A.2 Quelles sont les raisons de la nécessité de sa chute.

C’est principalement dans le Manifeste du Parti Communiste1, de février 1848 que Marx évoque le plus distinctement les raisons du remplacement du système féodal par le système dit « moderne ». Marx parlera rarement de système capitaliste mais de système « moderne ». Nous allons développer plus tard la définition à proprement dite du capitalisme. Effectivement, Marx écrit pendant le processus de changement du système féodal en système capitaliste et donc le système capitaliste apparaît pour lui comme le nouveau système moderne. Ce n’est qu’à partir de 1902 et avec le livre de Sombart, Le Capitalisme Moderne2, que les termes « capitalisme » et « capitaliste » commencent à se répandre. Cependant Marx commencera déjà a y faire référence dans son livre, Le Capital3. Cependant, lorsque Marx parle de système moderne, il fait bien référence à ce que nous appelons aujourd’hui système capitaliste, comme nous allons cesser de le constater. Mais avant cela, voyons les raisons de la chute du système monarchique pour Marx :


« La découverte de l’Amérique, le tour du cap de Bonne-Espérance ont ouvert à la bourgeoisie montante un champ d’action nouveau. Les marchés des Indes Orientales et de la Chine, la colonisation de l’Amérique, le commerce avec les colonies, l’accroissement des moyens d’échange et des marchandises en général ont donné au négoce, à la navigation, à l’industrie un essor qu’ils n’avaient jamais connu et entraîné du même coup le développement rapide de l’élément révolutionnaire de la société féodale chancelante ».

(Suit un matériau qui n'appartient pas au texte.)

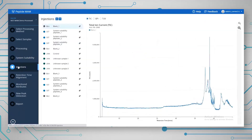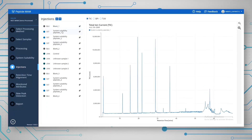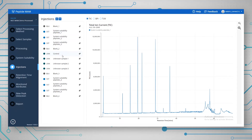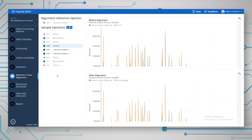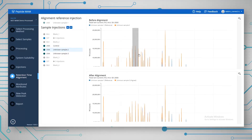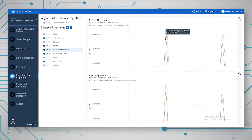Once you've checked the SST samples, we can look at the data from the injections. Looking at one of the NIST digests, we can toggle between TIC, BPI, and UV — you can see the nice data there. Looking at the retention time alignments, we can see what the sample looks like before and after alignment. You can see that before and after alignment there has been a slight adjustment.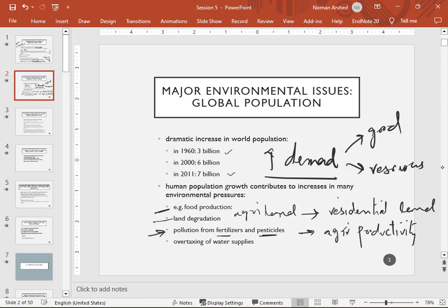As agricultural productivity declines and available agricultural land decreases due to population growth, we also need increased food production. So we use fertilizers and pesticides to try to increase production with less land. There is also overuse of water supply, putting pressure on available water resources.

Manifeste du Parti Communiste. Paris. Ed. GF Flammarion. Chap. 1, p.74


Comme nous nous pouvons le voir, la première étape du passage de la société féodale à la société moderne est marquée par le début des grandes découvertes et la prolifération du marchandage. Il faut entendre par « les grandes découvertes », les différentes découvertes géographiques qui marquèrent le monde occidental au XVe et au XVIe siècle. Nous pouvons faire référence entre autre à la découverte de l’Amérique par Christophe Colombe en 1492, mais aussi à la découverte de la route des Indes par les portugais en 1510. Cependant ces grandes découvertes ne sont pas en et pour soi le facteur de la chute du système féodal car le fait de connaître plus profondément le monde n’entre pas en contradiction avec le système féodal. Par ailleurs, nous pouvons remarquer que, selon les historiens, le début des grandes découvertes marque la fin de l’époque féodale. Ce sont bien les grandes découvertes, alliées au commerce mondial, qui sont le facteur de la chute du système « féodal »4. Effectivement, le commerce entre deux pays n’est pas tenu par l’aristocratie mais par les petits bourgeois qui ne sont rien d’autre que des commerçants. Ces petits bourgeois, par le biais du commerce, sont devenus alors de « grands » bourgeois qui ont eu de plus en plus de pouvoir sur la scène politique. Grâce à ces découvertes, Ils pouvaient rivaliser en richesse et donc en pouvoir avec les petits aristocrates, puis avec les aristocrates puissants. Cependant, nous devons noter que l’enrichissement de la bourgeoisie s’est fait sur plusieurs années. Le commerce avec les nouveaux pays a donc permis à la bourgeoisie de prendre une place de pouvoir dans le système « féodal » mais de façon progressive. Nous voyons ici se profiler alors pourquoi la bourgeoisie est amenée à renverser nécessairement le système féodal et c’est pourquoi Marx parle des grandes découvertes comme étant l’élément révolutionnaire. Mais à ce moment précis de l’Histoire, le développement de la classe bourgeoise et le système féodal ne sont pas en contradiction et peuvent vivre encore en harmonie. Mais surtout la bourgeoisie n’a pas encore le pouvoir de renverser la monarchie. Il faut effectivement attendre 200ans pour voir se réaliser le processus que je viens de d’écrire.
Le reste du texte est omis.